Like someone else mentioned numeric types are SLOW.  See if you can use
integers, or at least floats.

I also wonder if you might be better served with geometric types and
GiST indexes on them than using your lat / long grid.  With a geometric
type, you could define the lat / long as a point and use geometric
operations with it.

See the pgsql manual:

http://www.postgresql.org/docs/8.1/static/datatype-geometric.html
http://www.postgresql.org/docs/8.1/static/functions-geometry.html

> It's basically a table that associates some foreign_key (for an event,
> for instance) with a particular location using longitude and
> latitude.  I'm basically doing a simple proximity search.  I have
> populated the database with *10 million* records.  I then test
> performance by picking 50 zip codes at random and finding the records
> within 50 miles with a query like this:

I assume that there aren't 10 million zip codes, right?

Are you storing the lat / long of the individual venues?  Or the zip
codes?  If you're storing the lat / long of the zips, then I can't
imagine there are 10 million zip codes.  If you could use the lat / long
numbers to find the zip codes that are in your range, then join that to
a venue table that fks off of the zip code table, I would think it would
be much faster, as you'd have a smaller data set to trundle through.

> SELECT id
> 	FROM test_zip_assoc
> 	WHERE
> 		lat_radians > 0.69014816041
> 		AND lat_radians < 0.71538026567
> 		AND long_radians > -1.35446228028
> 		AND long_radians < -1.32923017502
> 
> 
> On my development server (dual proc/dual core Opteron 2.8 Ghz with 4GB
> ram) this query averages 1.5 seconds each time it runs after a brief
> warmup period.  In PostGreSQL it averages about 15 seconds.
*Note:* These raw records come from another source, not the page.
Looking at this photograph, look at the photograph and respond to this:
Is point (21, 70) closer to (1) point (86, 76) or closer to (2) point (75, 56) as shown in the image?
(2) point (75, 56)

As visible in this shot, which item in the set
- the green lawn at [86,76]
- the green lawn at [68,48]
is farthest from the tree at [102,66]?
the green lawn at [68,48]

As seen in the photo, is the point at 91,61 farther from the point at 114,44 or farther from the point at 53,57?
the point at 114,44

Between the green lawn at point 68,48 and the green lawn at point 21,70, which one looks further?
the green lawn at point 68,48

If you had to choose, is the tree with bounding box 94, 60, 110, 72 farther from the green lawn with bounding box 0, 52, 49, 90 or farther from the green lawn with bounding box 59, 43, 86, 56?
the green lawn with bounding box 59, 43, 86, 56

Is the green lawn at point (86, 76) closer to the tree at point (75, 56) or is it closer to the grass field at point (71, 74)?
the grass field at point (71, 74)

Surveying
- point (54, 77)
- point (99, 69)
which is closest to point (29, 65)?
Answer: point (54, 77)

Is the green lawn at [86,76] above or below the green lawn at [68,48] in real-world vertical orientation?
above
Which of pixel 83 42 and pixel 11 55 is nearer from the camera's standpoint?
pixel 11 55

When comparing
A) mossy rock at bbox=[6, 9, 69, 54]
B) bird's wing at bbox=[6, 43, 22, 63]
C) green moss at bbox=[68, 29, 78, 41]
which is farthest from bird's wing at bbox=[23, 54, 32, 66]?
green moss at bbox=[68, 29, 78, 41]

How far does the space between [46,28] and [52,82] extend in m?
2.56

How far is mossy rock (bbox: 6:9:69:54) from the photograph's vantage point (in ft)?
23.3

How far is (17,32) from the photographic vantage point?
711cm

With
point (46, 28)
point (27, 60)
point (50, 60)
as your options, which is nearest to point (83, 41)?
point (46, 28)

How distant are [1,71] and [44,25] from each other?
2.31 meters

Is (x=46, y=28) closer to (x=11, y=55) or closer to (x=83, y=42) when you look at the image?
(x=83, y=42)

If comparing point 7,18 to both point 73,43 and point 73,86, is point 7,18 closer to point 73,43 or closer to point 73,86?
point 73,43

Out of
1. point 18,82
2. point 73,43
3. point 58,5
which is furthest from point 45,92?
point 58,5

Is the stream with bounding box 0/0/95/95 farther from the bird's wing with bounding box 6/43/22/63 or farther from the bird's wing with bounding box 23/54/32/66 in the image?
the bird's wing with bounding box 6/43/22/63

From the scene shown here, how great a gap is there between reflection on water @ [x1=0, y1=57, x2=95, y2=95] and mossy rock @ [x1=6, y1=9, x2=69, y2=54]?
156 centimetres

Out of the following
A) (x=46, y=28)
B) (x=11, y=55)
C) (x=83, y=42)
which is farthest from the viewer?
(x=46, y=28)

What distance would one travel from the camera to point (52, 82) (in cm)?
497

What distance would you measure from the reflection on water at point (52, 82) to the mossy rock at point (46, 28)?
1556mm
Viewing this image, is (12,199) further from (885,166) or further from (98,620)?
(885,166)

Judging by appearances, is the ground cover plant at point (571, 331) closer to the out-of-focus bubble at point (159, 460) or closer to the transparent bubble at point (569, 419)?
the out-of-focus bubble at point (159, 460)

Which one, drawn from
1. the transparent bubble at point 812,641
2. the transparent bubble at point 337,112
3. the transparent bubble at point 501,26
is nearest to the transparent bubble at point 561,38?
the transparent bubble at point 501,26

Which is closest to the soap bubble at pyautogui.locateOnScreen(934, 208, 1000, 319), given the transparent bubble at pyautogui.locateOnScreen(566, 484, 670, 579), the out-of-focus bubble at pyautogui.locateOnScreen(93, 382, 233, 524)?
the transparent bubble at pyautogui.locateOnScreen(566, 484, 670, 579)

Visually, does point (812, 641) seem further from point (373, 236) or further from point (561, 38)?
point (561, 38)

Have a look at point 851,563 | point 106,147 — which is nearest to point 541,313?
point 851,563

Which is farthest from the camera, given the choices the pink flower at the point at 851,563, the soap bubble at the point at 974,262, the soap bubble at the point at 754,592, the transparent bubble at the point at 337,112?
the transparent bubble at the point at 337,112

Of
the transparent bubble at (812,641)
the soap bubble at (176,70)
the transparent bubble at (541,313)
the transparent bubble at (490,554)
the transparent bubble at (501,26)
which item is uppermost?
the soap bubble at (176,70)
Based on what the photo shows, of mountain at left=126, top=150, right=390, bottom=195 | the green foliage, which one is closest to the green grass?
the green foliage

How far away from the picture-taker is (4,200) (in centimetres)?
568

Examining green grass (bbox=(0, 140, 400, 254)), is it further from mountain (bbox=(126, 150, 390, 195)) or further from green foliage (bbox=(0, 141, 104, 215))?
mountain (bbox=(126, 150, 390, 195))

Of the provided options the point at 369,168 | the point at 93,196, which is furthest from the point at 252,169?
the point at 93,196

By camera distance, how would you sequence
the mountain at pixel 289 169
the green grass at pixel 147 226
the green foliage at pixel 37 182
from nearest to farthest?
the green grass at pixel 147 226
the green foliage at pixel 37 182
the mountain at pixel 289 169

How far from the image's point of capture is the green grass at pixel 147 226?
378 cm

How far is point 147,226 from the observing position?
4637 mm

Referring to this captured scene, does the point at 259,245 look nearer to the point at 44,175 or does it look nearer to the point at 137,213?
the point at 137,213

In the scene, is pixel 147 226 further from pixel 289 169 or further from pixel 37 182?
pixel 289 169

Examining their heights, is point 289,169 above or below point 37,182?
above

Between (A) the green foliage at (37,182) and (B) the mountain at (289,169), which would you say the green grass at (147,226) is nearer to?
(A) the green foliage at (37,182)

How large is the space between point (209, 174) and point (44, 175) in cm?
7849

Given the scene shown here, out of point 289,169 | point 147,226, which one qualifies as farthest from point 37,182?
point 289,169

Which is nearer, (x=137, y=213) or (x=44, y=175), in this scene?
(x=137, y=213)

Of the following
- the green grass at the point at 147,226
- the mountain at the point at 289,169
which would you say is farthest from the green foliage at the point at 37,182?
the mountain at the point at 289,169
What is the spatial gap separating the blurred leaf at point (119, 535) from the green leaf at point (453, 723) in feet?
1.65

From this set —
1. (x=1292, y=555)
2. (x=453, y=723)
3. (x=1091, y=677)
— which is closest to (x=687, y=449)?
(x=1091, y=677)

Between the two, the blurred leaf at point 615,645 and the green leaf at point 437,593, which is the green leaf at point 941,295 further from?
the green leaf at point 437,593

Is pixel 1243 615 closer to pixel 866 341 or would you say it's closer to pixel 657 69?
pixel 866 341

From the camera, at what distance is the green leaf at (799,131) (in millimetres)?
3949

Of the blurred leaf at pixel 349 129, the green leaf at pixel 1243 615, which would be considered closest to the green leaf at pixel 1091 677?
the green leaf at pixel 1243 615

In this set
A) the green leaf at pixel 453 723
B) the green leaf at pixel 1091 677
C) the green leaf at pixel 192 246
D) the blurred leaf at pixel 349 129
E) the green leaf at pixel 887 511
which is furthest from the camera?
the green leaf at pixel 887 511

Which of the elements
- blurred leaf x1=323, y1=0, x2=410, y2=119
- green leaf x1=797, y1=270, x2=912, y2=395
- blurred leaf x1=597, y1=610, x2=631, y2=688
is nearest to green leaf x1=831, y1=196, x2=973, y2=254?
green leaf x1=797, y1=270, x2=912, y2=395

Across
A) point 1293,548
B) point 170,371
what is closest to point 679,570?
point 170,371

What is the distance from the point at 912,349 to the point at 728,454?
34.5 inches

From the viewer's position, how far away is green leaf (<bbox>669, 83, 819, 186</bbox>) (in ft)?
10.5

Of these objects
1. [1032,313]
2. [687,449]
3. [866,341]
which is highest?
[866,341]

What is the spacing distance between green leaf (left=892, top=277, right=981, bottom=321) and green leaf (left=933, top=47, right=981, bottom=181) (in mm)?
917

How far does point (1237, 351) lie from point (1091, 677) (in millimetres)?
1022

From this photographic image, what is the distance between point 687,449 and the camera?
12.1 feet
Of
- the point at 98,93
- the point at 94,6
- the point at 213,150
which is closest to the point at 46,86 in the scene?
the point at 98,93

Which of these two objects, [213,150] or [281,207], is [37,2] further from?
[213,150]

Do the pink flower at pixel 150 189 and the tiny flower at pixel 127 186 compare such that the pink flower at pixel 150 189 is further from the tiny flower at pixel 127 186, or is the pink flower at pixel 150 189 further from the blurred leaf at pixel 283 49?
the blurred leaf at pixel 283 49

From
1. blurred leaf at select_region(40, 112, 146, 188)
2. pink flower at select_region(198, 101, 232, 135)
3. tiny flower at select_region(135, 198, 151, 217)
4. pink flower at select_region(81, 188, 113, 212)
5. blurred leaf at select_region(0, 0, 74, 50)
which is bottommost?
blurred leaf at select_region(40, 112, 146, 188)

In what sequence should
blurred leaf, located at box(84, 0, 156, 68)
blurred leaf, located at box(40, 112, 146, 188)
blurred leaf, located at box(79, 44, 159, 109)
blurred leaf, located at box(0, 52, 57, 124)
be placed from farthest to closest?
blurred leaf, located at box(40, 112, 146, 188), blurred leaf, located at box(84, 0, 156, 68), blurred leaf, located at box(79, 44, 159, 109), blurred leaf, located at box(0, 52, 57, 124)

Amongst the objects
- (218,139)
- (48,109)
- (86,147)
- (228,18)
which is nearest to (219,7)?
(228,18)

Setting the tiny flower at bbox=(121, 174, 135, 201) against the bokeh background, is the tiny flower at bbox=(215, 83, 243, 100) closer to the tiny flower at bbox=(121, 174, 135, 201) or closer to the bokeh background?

I wonder how well it would run if you had 10, 20, 30, 40 etc... users
running it at the same time.  My guess is that you'll be very lucky to
get anything close to linear scaling in any database.  That's because
this is CPU / Memory bandwidth intensive, so it's gonna kill your DB. 
OTOH, if it was I/O bound you could throw more hardware at it (bb cache
RAID controller, etc)

> Both of those times are too slow.  I need the query to run in under a
> second with as many as a billion records.  I don't know if this is
> possible but I'm really hoping someone can help me restructure my
> indexes (multicolumn?, multiple indexes with a 'where' clause?) so
> that I can get this running as fast as possible.

You're trying to do a whole lot of processing in a little time.  You're
either gonna have to accept a less exact answer (i.e. base it on zip
codes) or come up with some way of mining the data for the answers ahead
of time, kind of like a full text search for lat and long.

So, have you tried what I suggested about increasing shared_buffers and
work_mem yet?